GAN-based Semi-supervised learning for Image Classification in 3 datasets: MNIST, DOODLE (subset of Quick, Draw! dataset with 10 classes) and EMNIST-letters with 3 algorithms: KNN, CNN and GAN-SSL
The project will allow you to draw digits on the canvas predicting in real-time image
There will be 3 datasets to choose from:
- MNIST: Handwritten digits
- DOODLE: subset of Quick, Draw with 10 classes namely: helicopter, car, book, windmill, cat, umbrella, octopus, bird, hat, birthday, cake
- EMNIST-letters: a-z alphabet both upper and lower letter
And for type of training:
- First 3 is when using 50, 100, 500 labelled data respectively for MNIST and DOODLE. 100, 200, 500 labelled data for EMNIST
- Last one is when using all data to train
To run this project, you must have Python version >= 3.9 installed.
To use this project using git, please do the following.
- Clone the repository's main branch into your desired directory using your git command prompt and access the directory by this command.

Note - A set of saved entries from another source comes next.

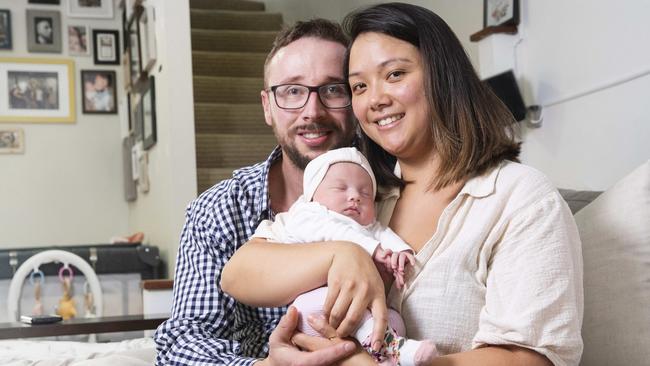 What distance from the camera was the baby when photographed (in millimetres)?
1252

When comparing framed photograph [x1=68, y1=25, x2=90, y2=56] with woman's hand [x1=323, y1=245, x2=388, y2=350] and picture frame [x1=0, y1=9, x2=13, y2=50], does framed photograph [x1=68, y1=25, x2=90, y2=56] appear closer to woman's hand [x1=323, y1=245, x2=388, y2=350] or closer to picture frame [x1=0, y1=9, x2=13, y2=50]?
picture frame [x1=0, y1=9, x2=13, y2=50]

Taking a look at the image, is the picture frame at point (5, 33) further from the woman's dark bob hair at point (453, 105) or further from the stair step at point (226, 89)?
the woman's dark bob hair at point (453, 105)

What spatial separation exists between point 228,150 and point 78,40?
Answer: 2.16 metres

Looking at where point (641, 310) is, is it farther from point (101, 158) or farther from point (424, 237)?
point (101, 158)

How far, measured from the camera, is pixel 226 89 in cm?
633

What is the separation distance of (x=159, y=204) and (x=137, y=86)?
1.21m

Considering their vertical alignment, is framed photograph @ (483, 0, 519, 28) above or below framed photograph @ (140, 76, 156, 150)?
above

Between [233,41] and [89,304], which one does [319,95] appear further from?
[233,41]

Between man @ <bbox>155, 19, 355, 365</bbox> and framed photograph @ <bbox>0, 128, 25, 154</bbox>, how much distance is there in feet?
18.4

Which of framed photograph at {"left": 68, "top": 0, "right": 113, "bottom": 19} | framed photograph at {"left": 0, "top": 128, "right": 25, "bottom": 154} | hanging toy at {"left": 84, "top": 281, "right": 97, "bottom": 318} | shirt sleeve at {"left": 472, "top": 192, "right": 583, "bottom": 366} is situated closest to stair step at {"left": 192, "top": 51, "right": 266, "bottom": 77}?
framed photograph at {"left": 68, "top": 0, "right": 113, "bottom": 19}

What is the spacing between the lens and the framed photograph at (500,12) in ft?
10.8

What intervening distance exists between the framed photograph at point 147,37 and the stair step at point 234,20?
1.37 m

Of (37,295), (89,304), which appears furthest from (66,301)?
(37,295)

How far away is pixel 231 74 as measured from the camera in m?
6.57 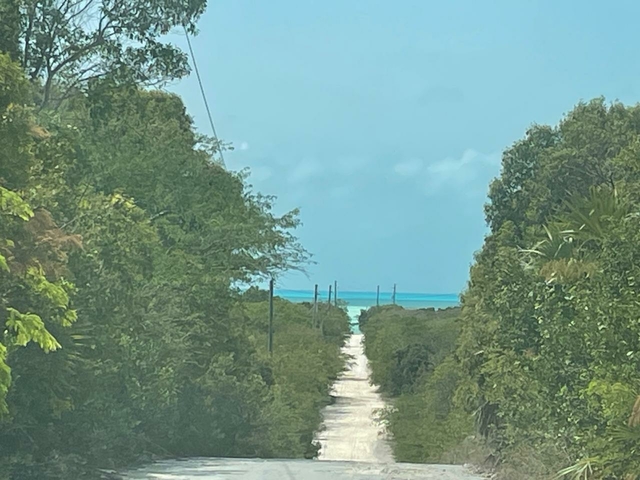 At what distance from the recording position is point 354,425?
2581 inches

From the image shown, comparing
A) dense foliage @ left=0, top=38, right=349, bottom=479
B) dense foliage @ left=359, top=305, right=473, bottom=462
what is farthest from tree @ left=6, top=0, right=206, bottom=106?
dense foliage @ left=359, top=305, right=473, bottom=462

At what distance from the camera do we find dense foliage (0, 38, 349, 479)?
1408 cm

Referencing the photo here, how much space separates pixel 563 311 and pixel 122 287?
7.90 meters

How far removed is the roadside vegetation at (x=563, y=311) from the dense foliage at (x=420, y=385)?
22.2ft

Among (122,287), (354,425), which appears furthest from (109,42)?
(354,425)

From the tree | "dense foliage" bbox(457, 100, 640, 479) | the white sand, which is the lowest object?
the white sand

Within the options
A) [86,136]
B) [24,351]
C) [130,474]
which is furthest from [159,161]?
[24,351]

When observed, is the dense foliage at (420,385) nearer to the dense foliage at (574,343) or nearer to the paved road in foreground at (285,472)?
the paved road in foreground at (285,472)

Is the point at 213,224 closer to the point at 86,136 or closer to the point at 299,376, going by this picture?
the point at 86,136

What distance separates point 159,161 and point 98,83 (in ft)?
17.7

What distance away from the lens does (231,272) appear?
109 feet

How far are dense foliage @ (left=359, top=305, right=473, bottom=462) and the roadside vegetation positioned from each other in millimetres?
6780

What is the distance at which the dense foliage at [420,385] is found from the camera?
143 ft

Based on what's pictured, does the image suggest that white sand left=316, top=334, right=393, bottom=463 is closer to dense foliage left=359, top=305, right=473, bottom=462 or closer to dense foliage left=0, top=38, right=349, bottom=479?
dense foliage left=359, top=305, right=473, bottom=462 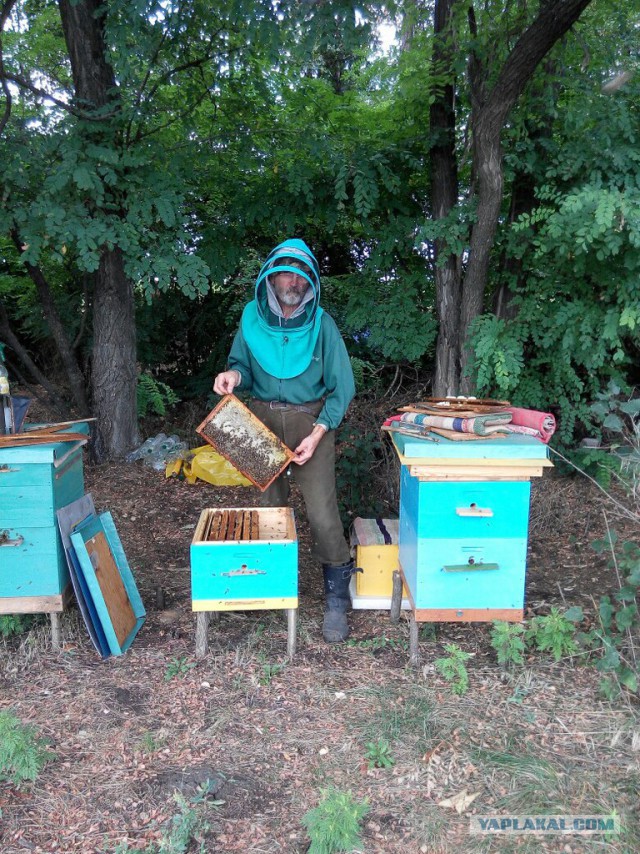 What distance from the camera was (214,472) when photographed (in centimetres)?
529

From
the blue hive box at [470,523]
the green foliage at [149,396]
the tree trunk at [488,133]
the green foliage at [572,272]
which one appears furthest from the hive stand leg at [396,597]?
the green foliage at [149,396]

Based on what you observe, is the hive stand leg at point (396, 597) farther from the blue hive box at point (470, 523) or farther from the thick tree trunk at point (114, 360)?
the thick tree trunk at point (114, 360)

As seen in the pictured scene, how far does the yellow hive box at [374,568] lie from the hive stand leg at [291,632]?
491mm

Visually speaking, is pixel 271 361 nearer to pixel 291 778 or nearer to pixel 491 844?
pixel 291 778

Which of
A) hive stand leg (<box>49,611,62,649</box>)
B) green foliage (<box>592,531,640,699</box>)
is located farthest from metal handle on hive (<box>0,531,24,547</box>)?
green foliage (<box>592,531,640,699</box>)

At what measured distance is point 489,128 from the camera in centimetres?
419

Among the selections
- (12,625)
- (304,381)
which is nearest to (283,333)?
(304,381)

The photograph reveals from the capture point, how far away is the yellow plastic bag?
528cm

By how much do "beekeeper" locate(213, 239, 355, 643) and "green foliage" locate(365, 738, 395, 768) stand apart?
76cm

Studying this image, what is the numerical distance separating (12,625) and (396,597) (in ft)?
5.75

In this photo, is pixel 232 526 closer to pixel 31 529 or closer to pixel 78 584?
pixel 78 584

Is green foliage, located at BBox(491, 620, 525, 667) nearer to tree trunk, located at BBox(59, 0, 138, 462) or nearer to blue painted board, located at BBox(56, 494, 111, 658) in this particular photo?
blue painted board, located at BBox(56, 494, 111, 658)

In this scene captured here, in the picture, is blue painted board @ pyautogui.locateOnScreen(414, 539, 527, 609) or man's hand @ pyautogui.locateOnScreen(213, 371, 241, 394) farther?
man's hand @ pyautogui.locateOnScreen(213, 371, 241, 394)

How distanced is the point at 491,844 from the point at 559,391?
11.4 feet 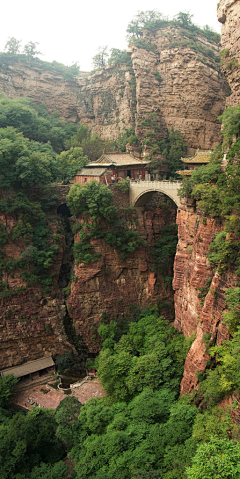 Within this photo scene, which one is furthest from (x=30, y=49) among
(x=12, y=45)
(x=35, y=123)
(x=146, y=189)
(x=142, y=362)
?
(x=142, y=362)

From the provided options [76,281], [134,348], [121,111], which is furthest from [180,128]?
[134,348]

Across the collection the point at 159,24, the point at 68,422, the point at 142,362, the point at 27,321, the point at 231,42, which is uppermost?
the point at 159,24

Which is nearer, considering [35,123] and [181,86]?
[181,86]

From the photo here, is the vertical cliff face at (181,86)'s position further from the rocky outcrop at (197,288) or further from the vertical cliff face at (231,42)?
the rocky outcrop at (197,288)

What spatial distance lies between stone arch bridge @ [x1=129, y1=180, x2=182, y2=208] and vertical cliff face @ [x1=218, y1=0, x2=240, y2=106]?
282 inches

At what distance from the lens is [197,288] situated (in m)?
20.4

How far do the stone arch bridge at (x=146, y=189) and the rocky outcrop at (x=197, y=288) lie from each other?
3.07 metres

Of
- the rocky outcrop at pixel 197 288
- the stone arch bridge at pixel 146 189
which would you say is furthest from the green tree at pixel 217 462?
the stone arch bridge at pixel 146 189

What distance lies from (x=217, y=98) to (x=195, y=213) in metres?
19.3

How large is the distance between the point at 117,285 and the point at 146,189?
8877mm

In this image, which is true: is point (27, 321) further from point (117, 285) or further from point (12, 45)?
point (12, 45)

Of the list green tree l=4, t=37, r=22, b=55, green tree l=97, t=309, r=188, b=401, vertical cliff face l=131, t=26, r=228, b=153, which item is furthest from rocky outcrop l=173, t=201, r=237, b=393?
green tree l=4, t=37, r=22, b=55

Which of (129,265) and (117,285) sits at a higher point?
(129,265)

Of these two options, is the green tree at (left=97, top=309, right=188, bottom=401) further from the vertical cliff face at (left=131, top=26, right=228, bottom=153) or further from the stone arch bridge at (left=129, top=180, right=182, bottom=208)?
the vertical cliff face at (left=131, top=26, right=228, bottom=153) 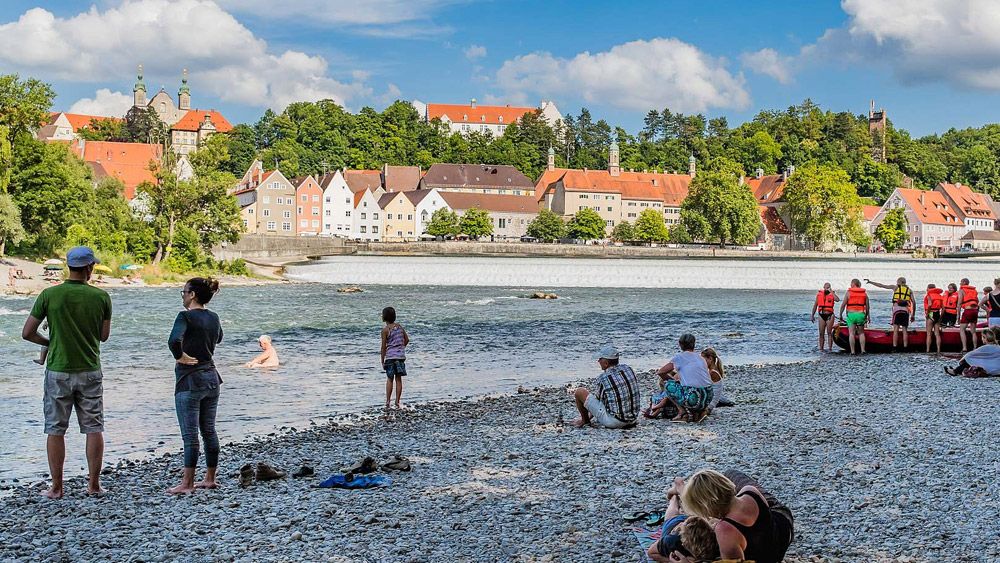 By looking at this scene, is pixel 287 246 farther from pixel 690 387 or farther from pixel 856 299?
pixel 690 387

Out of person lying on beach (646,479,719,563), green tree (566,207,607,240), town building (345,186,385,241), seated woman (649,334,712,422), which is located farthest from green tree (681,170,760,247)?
person lying on beach (646,479,719,563)

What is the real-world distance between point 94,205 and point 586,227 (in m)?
73.1

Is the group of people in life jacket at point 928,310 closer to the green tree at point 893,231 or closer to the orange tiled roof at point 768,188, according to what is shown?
the green tree at point 893,231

git clone -b master https://github.com/trinhminh11/GAN-based-Semi-Supervised-Learning
for lighter used (exlude KNN) used:
git clone -b MT https://github.com/trinhminh11/GAN-based-Semi-Supervised-Learning
for even lighter used (only app, without training and KNN) used:
git clone -b demo https://github.com/trinhminh11/GAN-based-Semi-Supervised-Learning
- access to the directory:
cd GAN-based-Semi-Supervised-Learning
- Install required libraries via requirements.txt
pip install -r requirements.txt
- Run the project with
python main.py
or
python3 main.py
- if you want to train, run training_{Algorithm}.ipynb, changes USED_DATA and NUM_LABELLED and DEVICE in config.py
The above datasets' original dimensions are 28 x 28 x 1 RGB images. However, we will resize them to 32 x 32 x 1 images and adjust the pixel values from 0 to 255 to a range of -1 to 1.
We will implement with euclidean distance with K = 3.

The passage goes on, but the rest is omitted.